╭──

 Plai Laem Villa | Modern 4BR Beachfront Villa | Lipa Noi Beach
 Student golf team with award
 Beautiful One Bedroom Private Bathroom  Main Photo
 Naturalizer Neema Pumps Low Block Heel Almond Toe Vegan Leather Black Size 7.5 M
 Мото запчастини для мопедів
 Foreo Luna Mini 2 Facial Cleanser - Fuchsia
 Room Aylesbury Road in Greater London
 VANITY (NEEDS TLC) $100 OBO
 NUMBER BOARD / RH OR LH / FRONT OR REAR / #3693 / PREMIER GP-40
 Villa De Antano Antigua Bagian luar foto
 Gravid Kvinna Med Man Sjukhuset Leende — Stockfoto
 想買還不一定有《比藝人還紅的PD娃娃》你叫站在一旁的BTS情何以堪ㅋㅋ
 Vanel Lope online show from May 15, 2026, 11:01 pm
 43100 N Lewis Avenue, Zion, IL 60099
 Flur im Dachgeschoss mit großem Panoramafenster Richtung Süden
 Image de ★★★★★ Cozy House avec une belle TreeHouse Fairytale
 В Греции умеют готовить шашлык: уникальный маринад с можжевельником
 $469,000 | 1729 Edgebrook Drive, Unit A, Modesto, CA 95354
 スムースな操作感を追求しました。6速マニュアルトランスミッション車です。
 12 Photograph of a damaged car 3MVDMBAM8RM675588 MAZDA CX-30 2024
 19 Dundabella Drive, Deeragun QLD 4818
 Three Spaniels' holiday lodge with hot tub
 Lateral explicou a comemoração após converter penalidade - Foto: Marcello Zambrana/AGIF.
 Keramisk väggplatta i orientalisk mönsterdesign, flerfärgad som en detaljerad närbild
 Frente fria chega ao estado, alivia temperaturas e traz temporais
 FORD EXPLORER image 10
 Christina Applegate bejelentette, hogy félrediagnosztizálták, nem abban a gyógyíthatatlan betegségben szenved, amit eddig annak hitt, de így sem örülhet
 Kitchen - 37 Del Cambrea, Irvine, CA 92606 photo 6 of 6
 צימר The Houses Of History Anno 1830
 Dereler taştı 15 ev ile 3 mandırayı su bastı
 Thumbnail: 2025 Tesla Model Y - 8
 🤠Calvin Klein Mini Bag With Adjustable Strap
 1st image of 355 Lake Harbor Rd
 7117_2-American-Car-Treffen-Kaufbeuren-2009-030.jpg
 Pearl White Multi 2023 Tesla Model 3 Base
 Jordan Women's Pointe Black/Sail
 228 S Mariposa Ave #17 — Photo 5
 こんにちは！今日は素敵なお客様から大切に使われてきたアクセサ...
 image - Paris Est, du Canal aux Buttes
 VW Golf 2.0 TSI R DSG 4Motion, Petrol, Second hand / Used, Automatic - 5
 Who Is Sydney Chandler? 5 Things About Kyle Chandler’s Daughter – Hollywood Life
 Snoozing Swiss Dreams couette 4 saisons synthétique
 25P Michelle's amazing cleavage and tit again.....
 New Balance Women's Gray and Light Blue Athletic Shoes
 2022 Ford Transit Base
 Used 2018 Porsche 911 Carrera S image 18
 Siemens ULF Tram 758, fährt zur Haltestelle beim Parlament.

╰──

Where a line in the entries holds the word "Mini", copy that line.

 Foreo Luna Mini 2 Facial Cleanser - Fuchsia
 🤠Calvin Klein Mini Bag With Adjustable Strap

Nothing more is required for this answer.